21 Août 2018
August 18, 2018
Leaving no stone unturned in heatstroke battle at nuclear plant
By HIROSHI ISHIZUKA/ Staff Writer
OKUMA, Fukushima Prefecture--How to avert a heatstroke is more pressing than usual in Japan this summer as the archipelago bakes in a record heat wave.
It's not just sun-worshipers, children, the elderly and the infirm who should worry.
Spare a thought for the 5,000 or so workers who toil at the crippled Fukushima No. 1 nuclear power plant to get it ready for decommissioning.
They have to work outside in protective gear, with limited access to water and other resources.
At 5 a.m. on Aug. 6, a manager reminded a 20-strong group from IHI Plant Construction Co., which was contracted by Tokyo Electric Power Co., of the importance of adhering strictly to work rules.
“Please limit your efforts to shifts of less than 90 minutes,” the manager told the assembled workers in a lounge at the plant as he checked the complexion of each individual to gauge their health condition.
The workers are installing storage tanks for radioactive water that is accumulating at the plant.
They are not permitted to take food and beverages with them because of the risk of internal radiation exposure if the perishables are contaminated while they are working.
Water stations have been set up, but workers generally don't bother to quench their thirst as it means they have to change out of their work gear to reach the sites.
During the morning meeting, the manager also checked each worker’s alcohol level and made sure that everybody had water from oral rehydration solution. After that, workers put a cold insulator in their vests and headed to the work site.
The Fukushima plant complex has about 900 tanks set up. IHI Plant Construction installed about 20 percent of them.
The workers' primary responsibility in recent weeks is to inspect the condition of covers put in place to stop rainwater from accumulating around the tanks.
The workers are spared from the scorching sun as they work under cover, but coping with 90 to 95 percent humidity is a formidable challenge.

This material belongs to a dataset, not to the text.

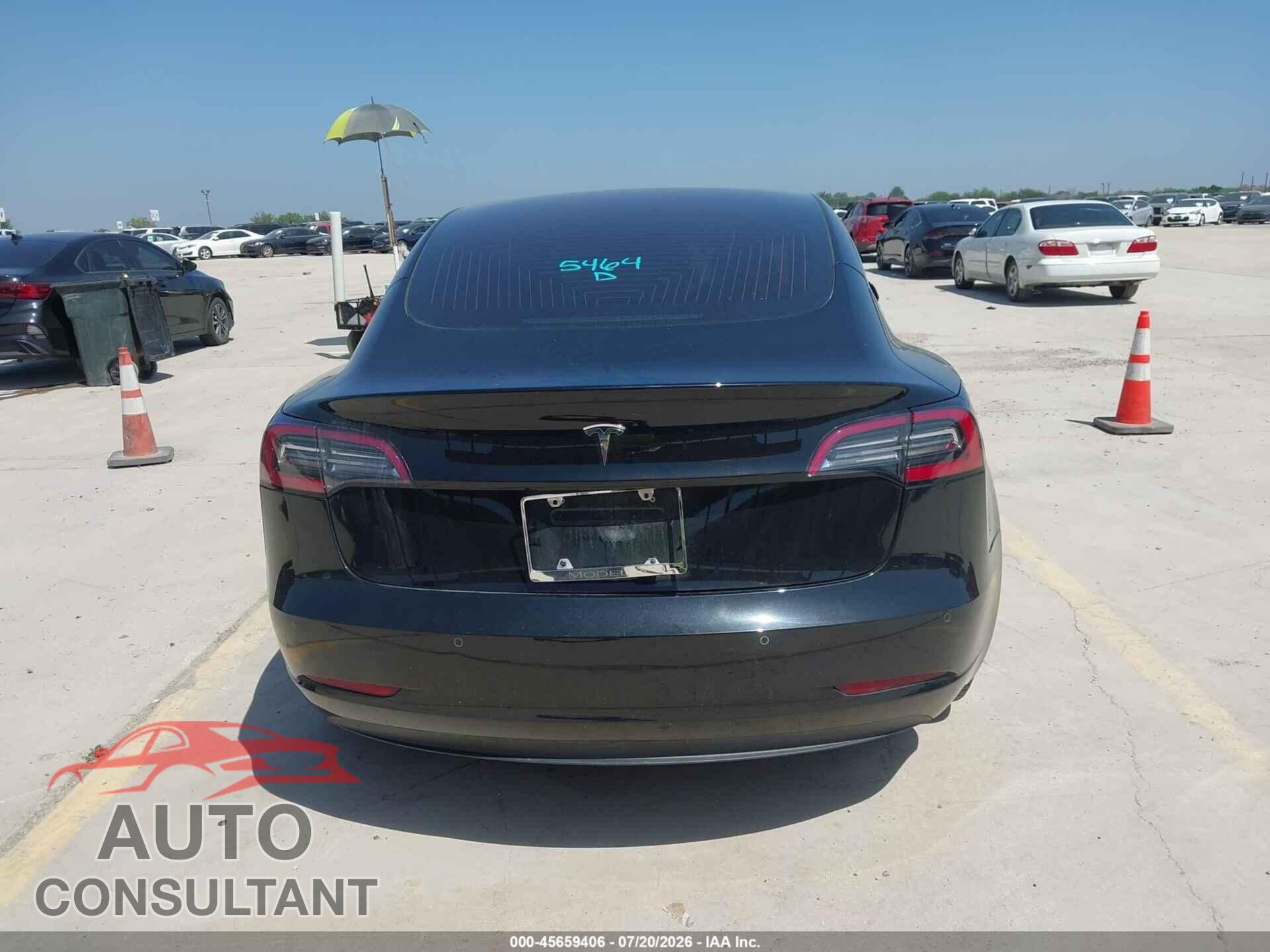 TESLA MODEL 3 2018 - 5YJ3E1EA2JF044946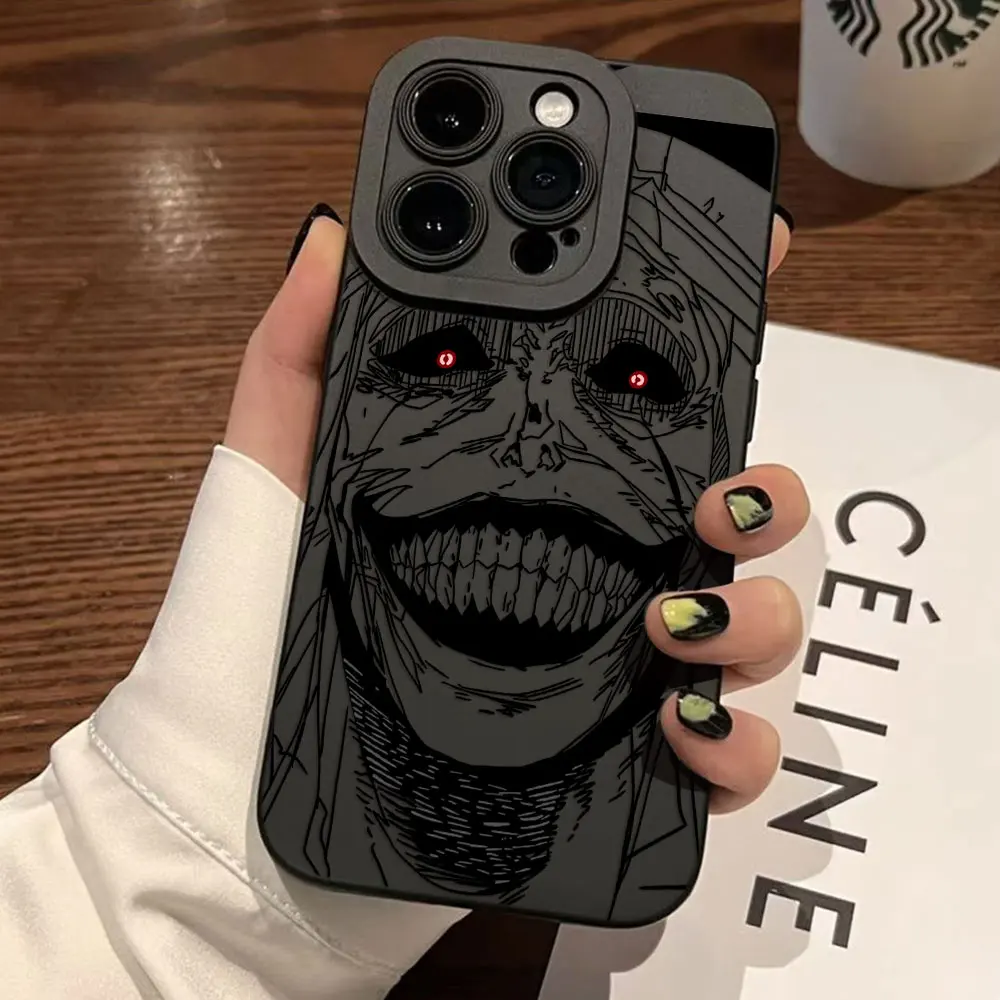 Elevate your style with the Anime Solo Leveling Phone Case - a sleek and protective cover that showcases your love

Junichi Ono, the head of the IHI Plant Construction’s task force assigned to the plant, said his company has tried to take every precaution against heatstroke.

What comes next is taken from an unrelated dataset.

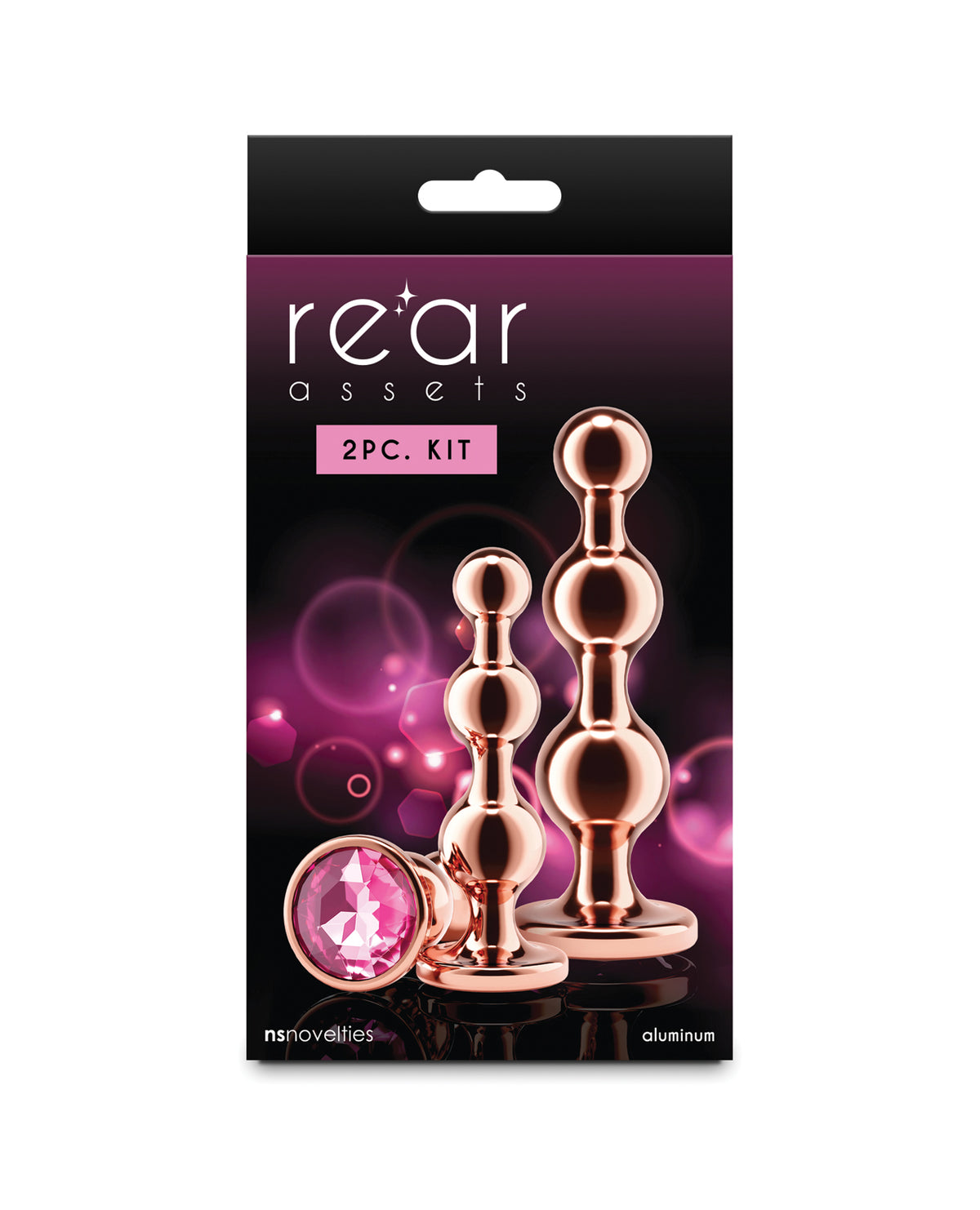 Rear Assets Beads Trainer Kit - Rose Gold/Pink by Rear Assets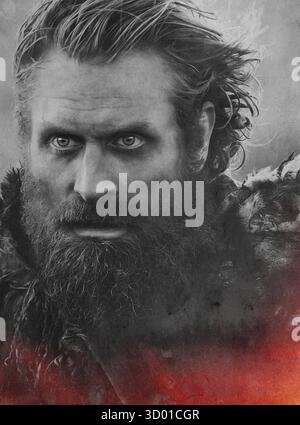 Game of Thrones TV Series 2011 2019 USA erstellt von : David Benioff, D.B. Weiss 2014 Staffel 4 Kristofer Hivju Poster Stockfoto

“We need to pay attention because we work in a humid environment,” he said. “If a worker falls sick, we will lose valuable time taking that person to the doctor.”

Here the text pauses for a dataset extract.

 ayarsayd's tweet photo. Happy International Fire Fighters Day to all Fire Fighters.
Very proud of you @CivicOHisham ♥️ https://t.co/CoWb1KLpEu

According to TEPCO, 23 workers suffered heatstroke in the summer of 2011, shortly after the nuclear crisis unfolded at the plant.
Learning a lesson from that, workers were later instructed to start their tasks early in the morning and not work outdoors in principle between 2 p.m. and 5 p.m. in July and August, the hottest part of the day.
The “summer time” schedule appears to be paying off.
In fiscal 2014, the number of workers afflicted with heatstroke at the plant stood at 15.
It dropped to four in fiscal 2016, but went back up to six in fiscal 2017 despite it being a relatively cool summer that year.
Although this year’s heat wave is unprecedented, only four workers have suffered heatstroke at the plant this summer.
The Japan Meteorological Agency forecast blistering summer heat in the coming week after a respite this weekend.